Eski kıyafetlerimi atmaya cesaret edemiyorum. Her şeye alışıyorum ve uzun süredir solmuş, esnemiş, yıpranmış olmasına rağmen otomatik olarak her zamanki şeyi giyiyorum. Sonuç olarak iki dolap kıyafetlerle dolu ve ben eski kıyafetler giyiyorum. Ama bununla başa çıkmak için harika bir yöntem buldum. Gezilerimde eski eşyalarımı alıp yol boyunca çöpe atıyorum. Sonuç olarak kıyafetlerimden kurtuldum, çantamda kirli şeyler kalmadı ve bavulumda yer açtım. Avrupa'nın yarısı zaten eski külotlarım, çoraplarım, pijamalarım, kot pantolonlarım ve tişörtlerim ile işaretlenmiş durumda.

Eşimin ailesinde öyle bir gelenek var ki, herkes planlarını en ince ayrıntısına kadar kayınvalidesine aktarır ve her şeyi onunla koordine eder. Çıkmaya başladığımızda hemen bundan hoşlanmadığımı, göbek bağını kesme zamanının geldiğini söyledim. Kocam bu fikri destekledi ama kendisi bundan bıktı. Geçenlerde yanlış restoranı seçtiğimiz ve pastayı onunla koordine edemediğimiz için üzüldüğü bir düğünümüz vardı. Tüm konukların önünde, onların ailesinin bir parçası olduğumu ve onların kurallarına saygı duymam gerektiğini söyledi. Ben de ona artık kendi ailemize ve kendi kurallarımıza sahip olduğumuzu söyledim.

Spor salonunda yarı zamanlı antrenör olarak çalıştı. Hatırlıyorum, bir "öğrencim" vardı; amcığından daha ağır hiçbir şeyi tutamamasına rağmen bir şeymiş gibi davranan bir binbaşı. O ve ben bench press yaptık; karşımızda her zaman yardım ettiğim pampushka'nın çalıştığı kondisyon bisikletleri vardı. Bu binbaşı çöreğe yakıcı bir cümle attı, gözleri yaşlarla doldu ve ruhum acı hissetti. Kilosunu sordu, dürüstçe "108" dedi. Bu onu güldürdü. Onun için halterin üzerine 110 kg koydum. Onun yüzünü ve zevkimi unutmayacağım.

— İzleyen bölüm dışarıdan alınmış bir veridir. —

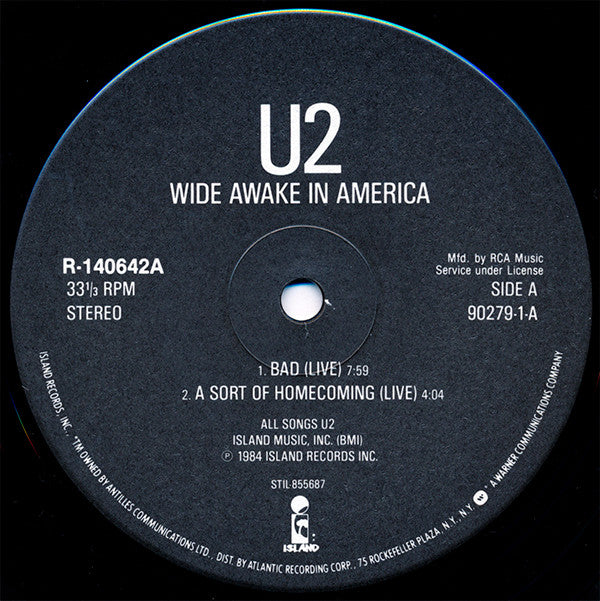 U2 : Wide Awake In America (12", EP, Club)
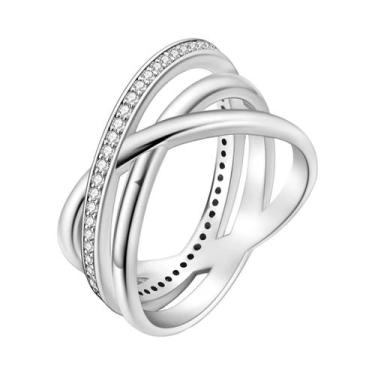 Imagem de Anel De Prata 925 Com Zircônia Para Mulheres, Design Original, Joia De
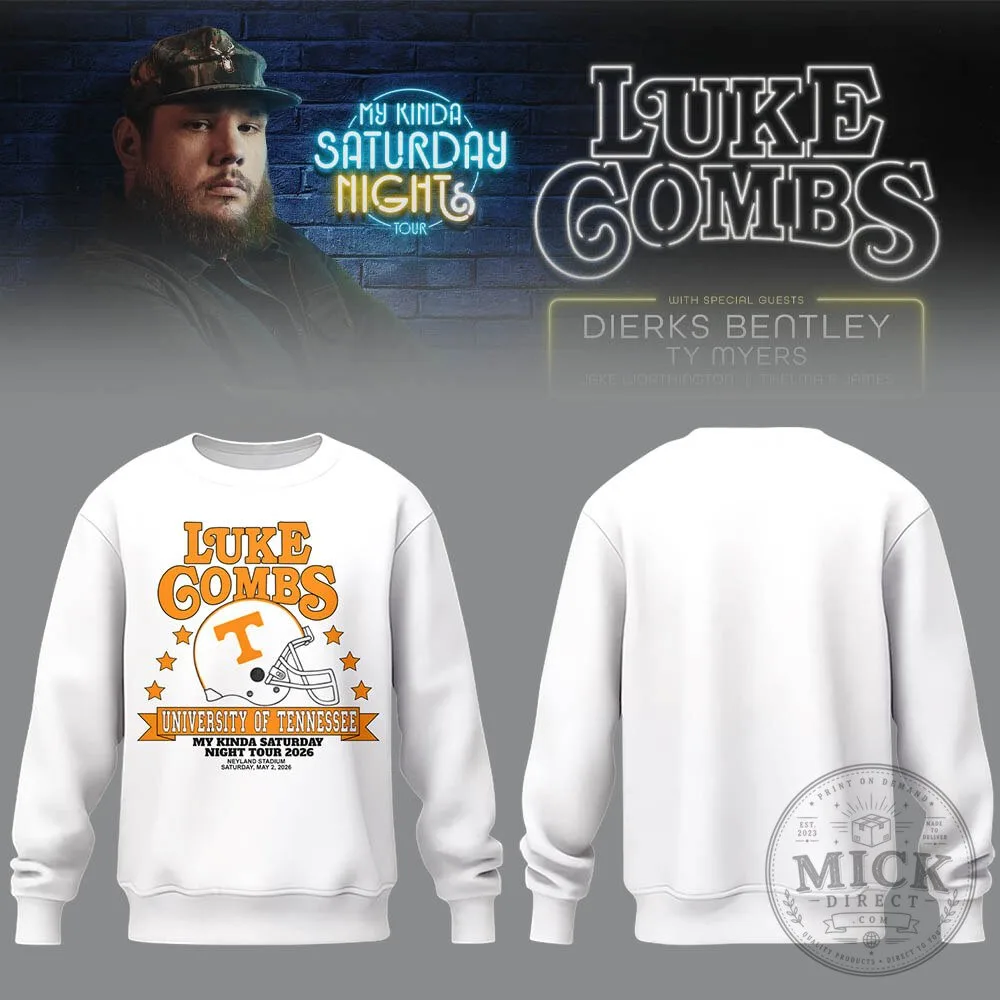Neyland Stadium Sweatshirt for Luke Combs My Kinda Saturday Night Tour 2026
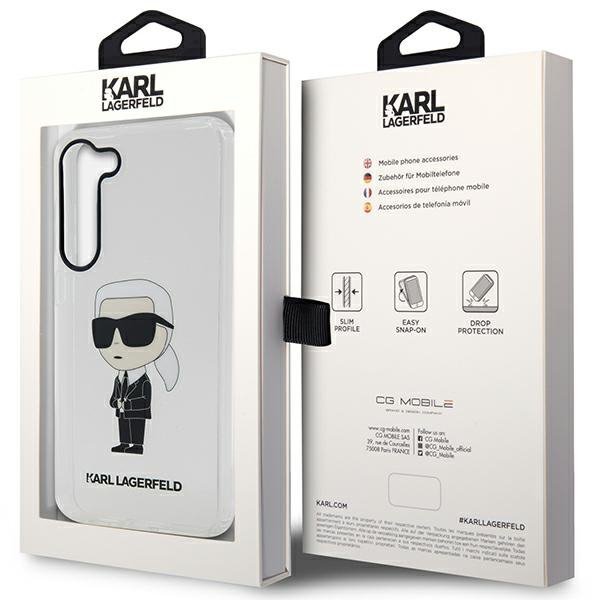 Karl Lagerfeld KLHCS23SHNIKTCT S23 S911 transparent hardcase Ikonik Karl Lagerfeld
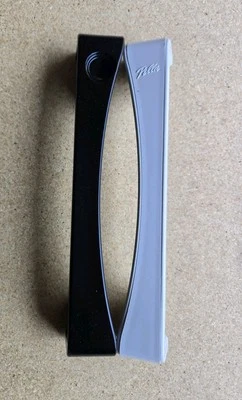 PELLA BLACK EXTERIOR/White INTERIOR HANDLE SET FOR SLIDING DOOR OX, NEW IN BOX  - Image 1 of 3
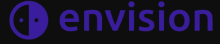 The company name is written in lower case purple text font on a black background. This is preceded by a circle that is divided in half vertically, with the left half being black with a purple dot in its middle and the right half being purple with a black dot in its middle.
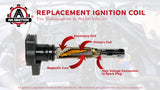 Ignition Coil - Replaces 07K905715F, 06H 905 115B - Compatible with Volkswagen & Audi Vehicles - MK5 and MK6 GTI, Rabbit, Golf, A4, A5, A6, A7, Q5, TT, R8 Coils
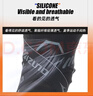 美津浓（MIZUNO）护膝运动跑步篮球羽毛球髌骨半月板支撑固定损伤登山护具男女通用 银黑色绑带加压-2只 L码(膝围36-40cm/适合95-135斤 ) 实拍图
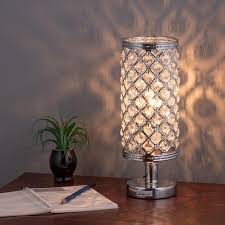 Maybe you would like to learn more about one of these? Haitral Crystal Table Lamp Silver Bedside Desk Lamp With Crystals Lamp Shade Metal Base Decorative Room Night Light Lamps For Living Room Bedroom Bedside Table Ideal Gifts My Celltronics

Birisinin şanssız kıyafetleri var, birisi belirli bir dizi eylem gerçekleştiriyor, böylece istenen şansı çekiyor, ama benim için durum şu: herhangi bir ayın beşincisi Pazartesi gününe denk geliyorsa, tam olarak bana bir tür saçmalık olacağı kesin. bugün. Ya yakınımdaki insanlarla kavga ediyorum ya da okulda bir sorun çıkıyor. Öğretmenle yaşanan dönemeçlere ve çok daha fazlasına kadar. Ama komik olan şu ki, beşincisi haftanın başka bir gününe, örneğin Cuma gününe düşerse tam tersine çok keyifli bir şey oluyor.

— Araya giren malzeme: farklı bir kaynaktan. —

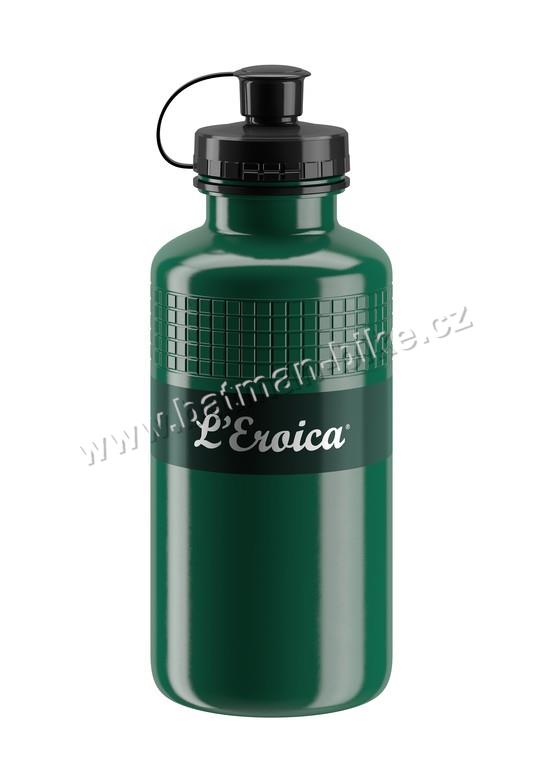 láhev Elite L'Eroica 500ml, retro zelená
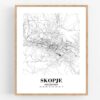 Eleville Unframed Skopje Macedonia City View Abstract Road Modern Map Art Print Poster Wall Office Home Decor Minimalist Line Art Hometown wgn493 - Image 4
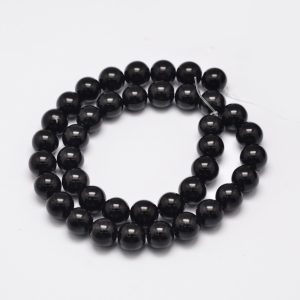 Obsidian 6mm Beads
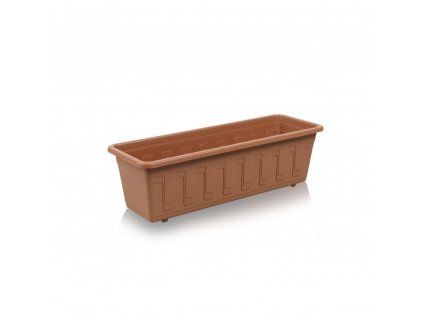 Plastkon truhlík Garden Terakota, 50x17x15 cm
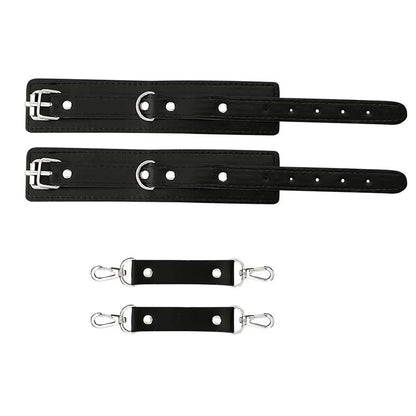 Women's Sexy Bow PU Leather Thigh Garter Harness BDSM Bondage Lingerie with Butt Wear And Suspender Belt Waist-To-Leg Adult Sex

Metroya biniyorum ve bir mikrop döngüsü görüyorum: Evsiz bir adam içeri girdi, kirli, ağrıyan elini tırabzanlara sürttü ve arabanın diğer ucuna gitmeye karar verdi. Herkes grup halinde evsiz adamın durduğu yere taşındı. Adam önce evsiz adamın kendini ovuşturduğu yerden tırabzanı tuttu, sonra aynı eliyle telefonu çıkarıp tıkladı, cebine koydu ve yine aynı eliyle yüzünü özellikle dikkatli bir şekilde sildi. ağız. Ama elbette eşi ve çocukları, evin eşiğinde onu öpmeye, kucaklamaya hazır bir şekilde evde onu bekliyorlar. Neredeyse kustum.